Until this year's election, the two major political parties used eerily similar logos and names.
In 2008, President Obama’s campaign revolutionized the role of graphic design in American politics. Using a contemporary typeface and bold logo, Obama’s campaign presented an cohesive brand that struck a bold contrast with his opponent's traditional typefaces and visuals.
The same lesson about the importance of unique branding was made clear the hard way in the years leading up to last week’s parliamentary elections in Myanmar, where political parties traded accusations of copying each others’ logos. Because the country was under military rule for the past 50 years, the election was only its third since 1962. And with such a sparse political history to draw from, parties chose to use symbols that would be instantly recognizable to residents who weren't familiar with the electoral process. While politicians hoped that approach would them develop loyal followings, it backfired when many of the parties chose extremely similar symbols. Factor in that 9 out of 17 parties include a form of the word “democracy” in their name, and the result was a political mess.

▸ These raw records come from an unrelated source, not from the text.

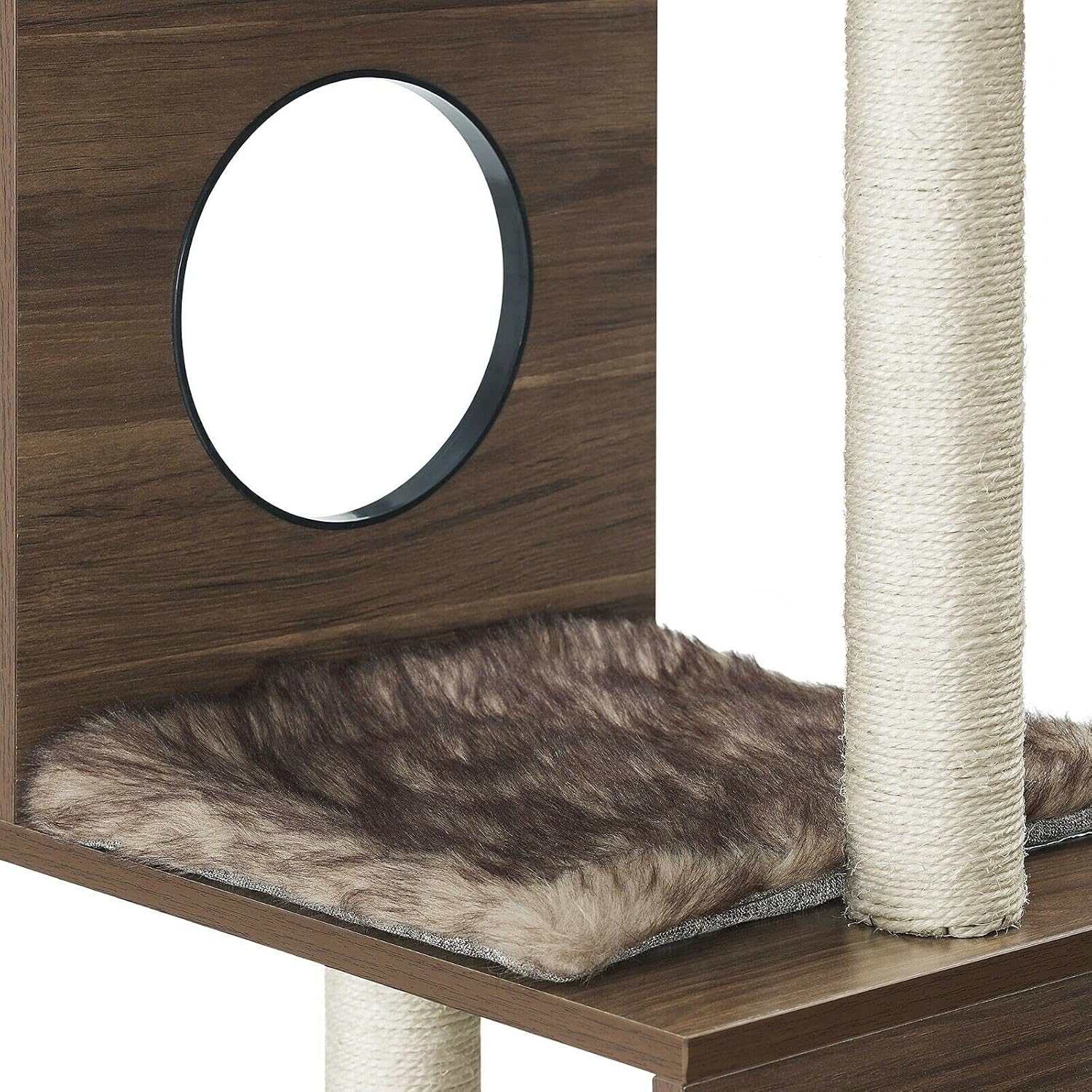Sheree Cat Tree 50" Dark Brown modern and easy clean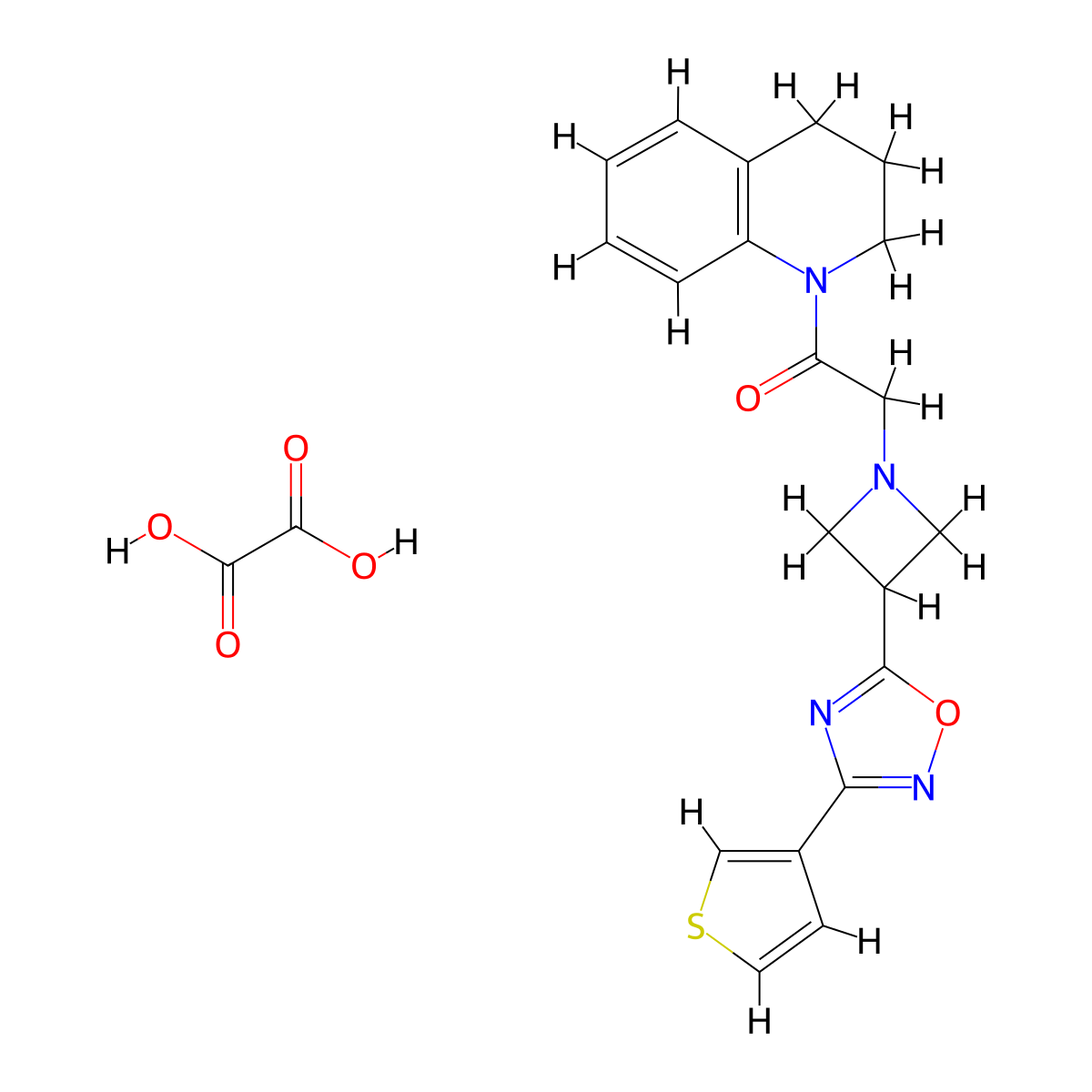 1-(3,4-dihydroquinolin-1(2H)-yl)-2-(3-(3-(thiophen-3-yl)-1,2,4-oxadiazol-5-yl)azetidin-1-yl)ethanone oxalate molecular structure, CAS 1396682-57-7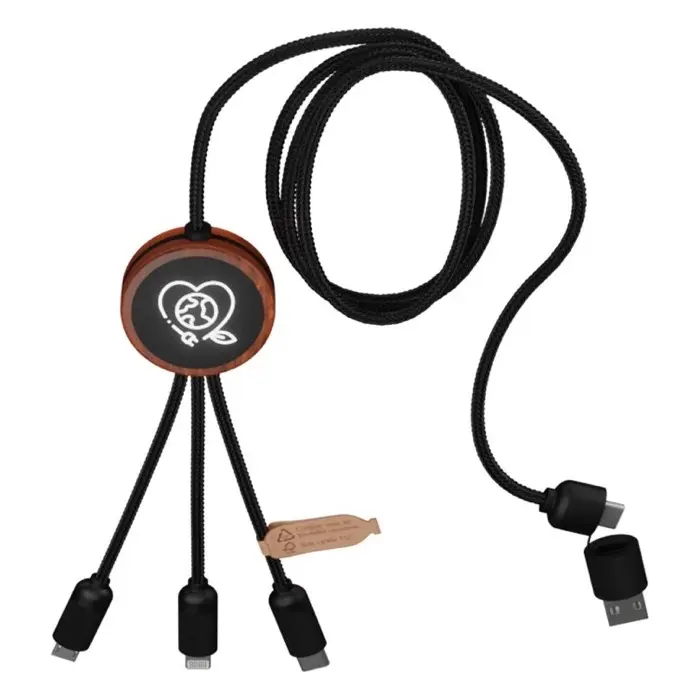 Cable de carga de 40 W 5 en 1 de PET reciclado con logo retroiluminado y estuche redondo de madera Plástico ABS reciclado, Madera de bambú, Plástico PET reciclado - Wapi miniatura 5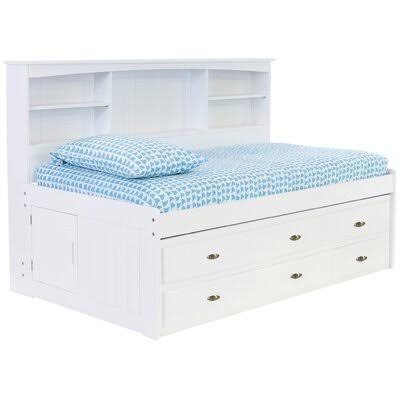 Abby 6 Drawer Solid Wood Bed with Bookcase Andover Mills Baby u0026 Kids Size: Twin, Bed Frame Color: White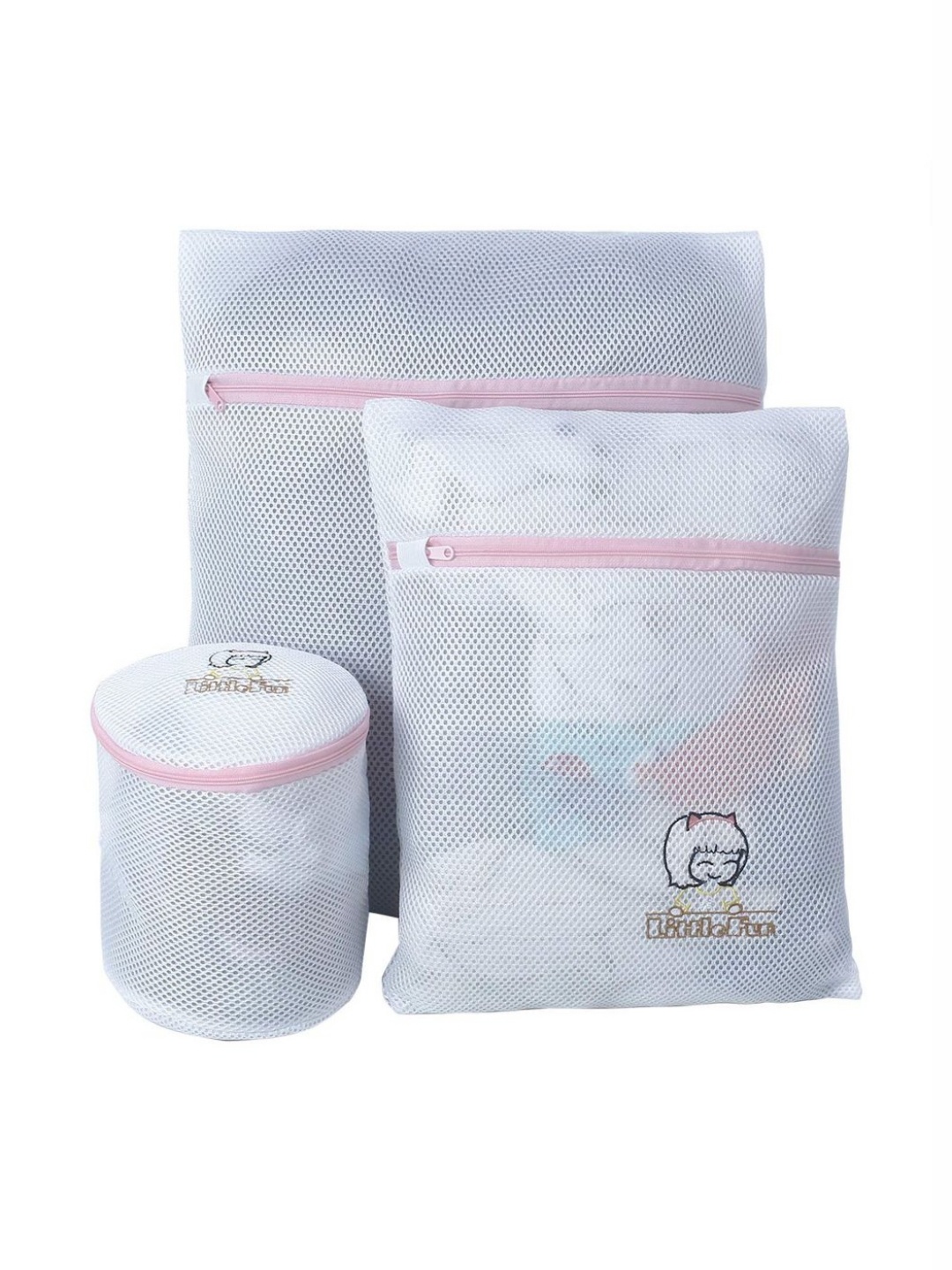 

HOKIPO White 3 Pieces Mesh Laundry Clothes Washing Bags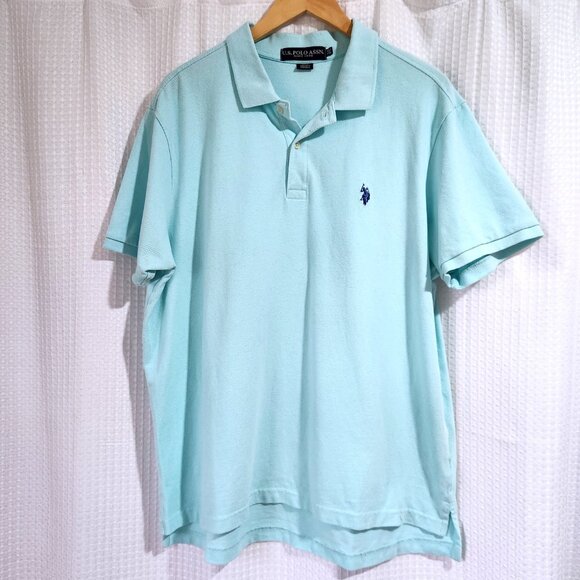 U.S. Polo Assn. Polo Shirt Top Men's xl Turquoise with Blue Logo Short Sleeve - Picture 1 of 8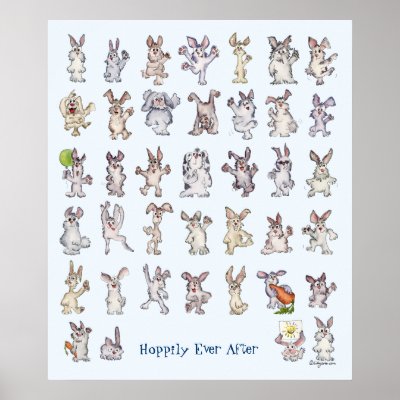 39 Cute Cartoon Rabbits Decor Nursery Wall Art Blu Print by zooogle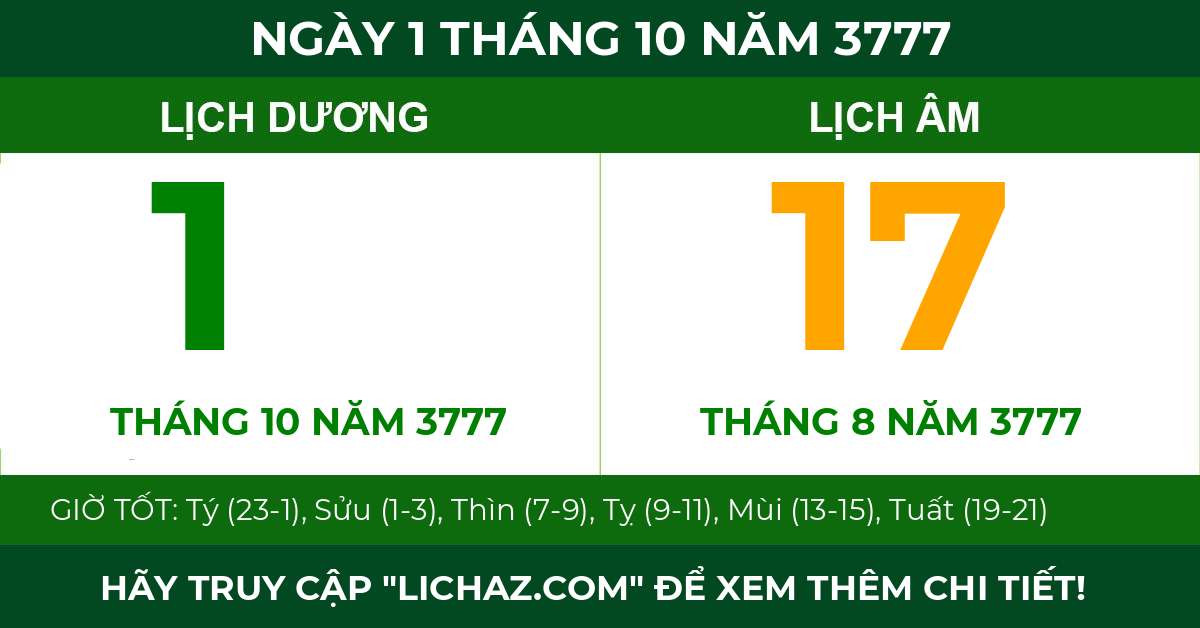 lịch âm ngày 1 tháng 10 năm 3777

The symbol that caused the most confusion during the campaign season was the kha mauk, a traditional Burmese farmer’s hat. Typically made of bamboo and formed into a conical shape, the kha mauk became the symbol of the National League for Democracy, the opposition party led by Aung San Suu Kyi, in 1990,. Despite winning a landslide victory, Suu Kyi’s party was denied power by the military government. By the time the party geared up for this year’s election, some members of the NLD had broken off to form the National Democratic Force, who also chose the kha mauk as their symbol.
Ohn Kyaing, an executive member of the NLD, told reporters the NDF was wrong to use the same symbol because the kha mauk is essential to the identity of his party. “A kha mauk is a kha mauk, and it was the recognized logo of the NLD in the last election," he said. "The kha mauk is the symbol of the NLD's 1990 victory—and it is also the symbol of the people’s victory.” The kha mauk has come to represent defiance against the ruling military, and the hats are regularly worn by young activistswhen protesting.
In 2010, the NLD filed a formal complaint to the election commission, hoping to block the NDF from using the kha mauk. The NDF was allowed to keep the symbol, though Khin Maung Swe, an NDF leader admitted that voters might be confused in the upcoming election. Adding to the chaos, the New National Democracy Party's symbol includes three bamboo hats.
After the commission allowed the NDF to continue using a kha mauk, the NLD chose to change its own symbol, trading the hat for a symbol of a golden, fighting peacock. While the image of a peacock displaying its feathers has long represented the country, an aggressive version of the showy bird was used by student protestors, whose rallies were brutally squelched by the military, resulting in the death of 3,000 people. “We used this image to acknowledge the struggle of the students,” said Win Htein, a senior member of the NLD.
The confusion doesn’t stop there; the Mon National Democratic Party also uses agold bird as its symbol that looks very similar to the NLD’s fighting peacock. The symbol is actually a hamsa, a mythological, goose-like bird that has appeared on past renditions of the country’s flag.
Aung San Suu Kyi may have led the NLD to victory, but not without the headache of defining a political identity for an inexperienced electorate. Politicians are right to reach out to their constituents by employing symbols that speak to the country’s heritage, but extra care and creativity must go into differentiating one political party from another. As Myanmar witnesses the greatest change in its modern history, political parties will eventually gain more experience and better-defined identities, taking an eager electorate with them.